Director, Cybersecurity

Make a difference. Be happy. Grow your career.

The Role

Nordic is a full-service consultancy firm focusing on health care and technology. We are looking for a collaborative, entrepreneurial leader who brings deep healthcare security expertise, a consulting mindset, and a passion for building high-impact teams.  This is a strategic  role responsible for helping to shape the direction of our cybersecurity service offerings, leading client delivery engagements, developing solutions when needed, and positioning the firm as a trusted leader in healthcare risk advisory services.

Key Areas

Client Delivery & Executive Oversight: Lead and oversee high-impact client engagements to ensure quality, consistency, and value delivery; serve as a trusted advisor to provider executives and health IT leadership teams.
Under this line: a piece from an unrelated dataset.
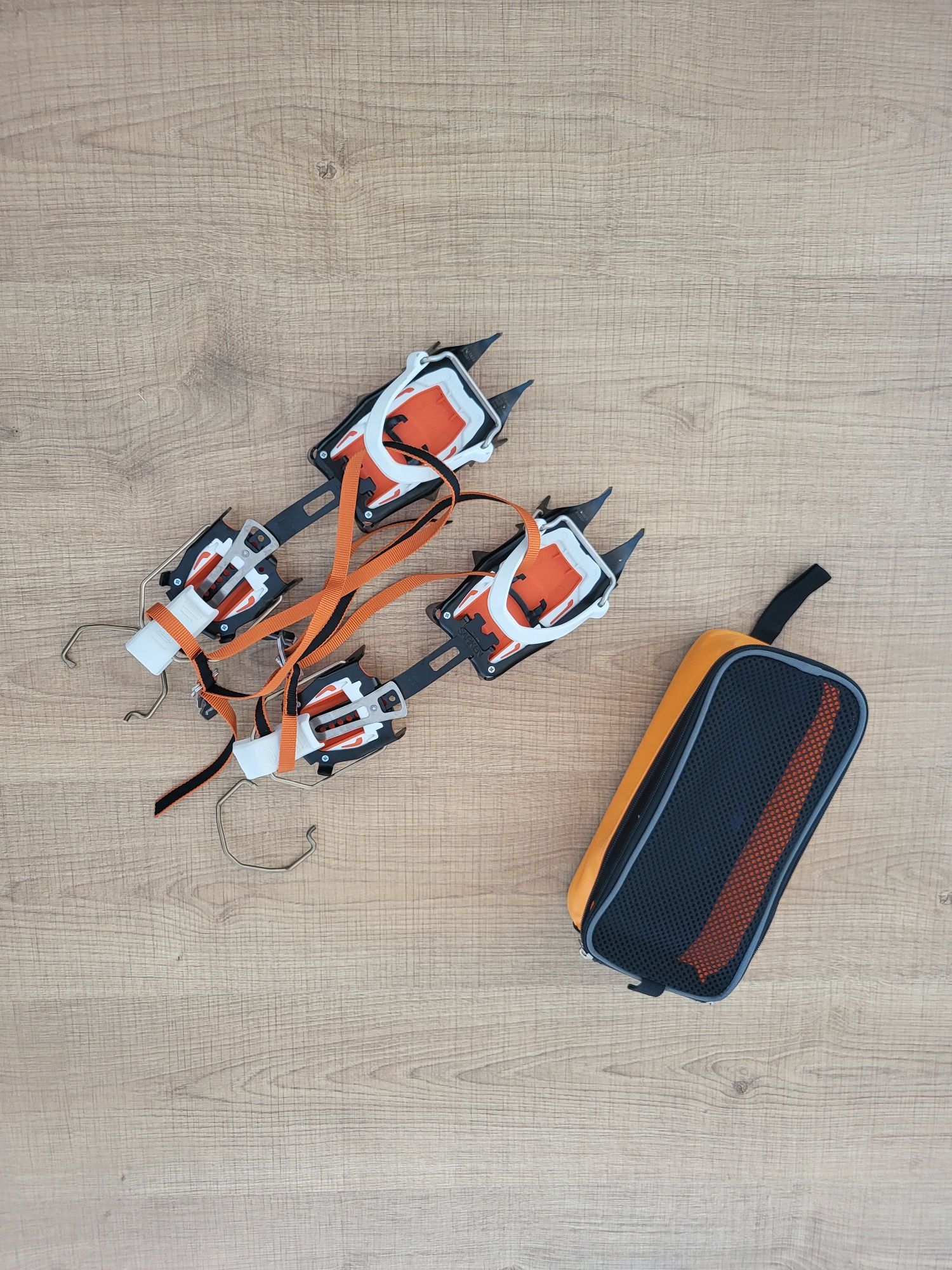 Crampons Petzl Sarken LLU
Delivery Quality and Solution Ownership: Deliver high-quality consulting services to strategic clients, developing and implementing solution-based tools and solutions when needed.
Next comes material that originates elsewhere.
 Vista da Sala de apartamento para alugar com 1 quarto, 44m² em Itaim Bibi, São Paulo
Market Presence & Thought Leadership: Represent the firm in industry forums, contribute to thought leadership, and collaborate with business development teams to position the firm as a leader in healthcare cybersecurity and GRC.

Key Responsibilities

The Director, Cybersecurity Services, will have the following key responsibilities, which include but are not limited to:

Practice Leadership

• Define and refine the vision, strategy, and roadmap for the Cybersecurity & GRC practice.
• Expand core services, such as HIPAA security assessments, GRC services, policy development, third-party risk management, security program design, IAM, and other services as identified.
• Collaborate across service lines to ensure an integrated advisory offering to our healthcare clients.

Engagement Delivery & Quality Oversight

• Lead critical engagements, as a solo consultant, or as a team leader and ensure quality of deliverables and client satisfaction
• Guide teams in applying risk-based frameworks (e.g., NIST, HITRUST, HIPAA) to client environments.
• Provide input into solution development and delivery models.

Internal Development & Growth

• Partner with business development and client account teams to pursue growth opportunities.
• Contribute to proposals, presentations, and capability development across the firm.
• Mentor and coach team members, identify staffing needs, and help build a high-performing bench of cybersecurity and GRC consultants in relation to sales pipeline growth.

Thought Leadership & Market Positioning

• Facilitate research and identify relationships/partnerships that could be supportive of Nordic solutions
• Stay current on emerging risks, healthcare regulations, and cybersecurity trends relevant to our clients.

Qualifications:

Required:

• 10+ years in cybersecurity, information risk, or GRC roles with at least 5 years in healthcare consulting or provider environments.
• Expertise in HIPAA, HITECH, NIST CSF, HITRUST CSF, and healthcare regulatory frameworks.
• Strong leadership, client-facing, and team development skills.
• Experience leading complex cybersecurity consulting engagements
• Demonstrated ability to scope, lead, and deliver security engagements for provider clients.

Preferred:

• Previous experience leading or co-leading a service line or consulting practice.
• Previous CISO-level experience/leadership in a hosptial organization
• Certifications such as CISSP, CISM, CRISC, or HITRUST CCSFP.
• Familiarity with firm operations, business development processes, and delivery methodology.

Additional details

• 70% remote position
• Travel up to 30% of the time, including to the Nordic home office in Madison, WI and client sites when needed.

Nordic is an equal opportunity employer. We are committed to creating an inclusive environment for all employees and applicants. We do not discriminate on the basis of race, color, religion, sex, national origin, age, disability, genetic information, marital or veteran status, or any other protected status under applicable federal, state, or local laws. We encourage individuals of all backgrounds to apply, including women, minorities, individuals with disabilities, and veterans.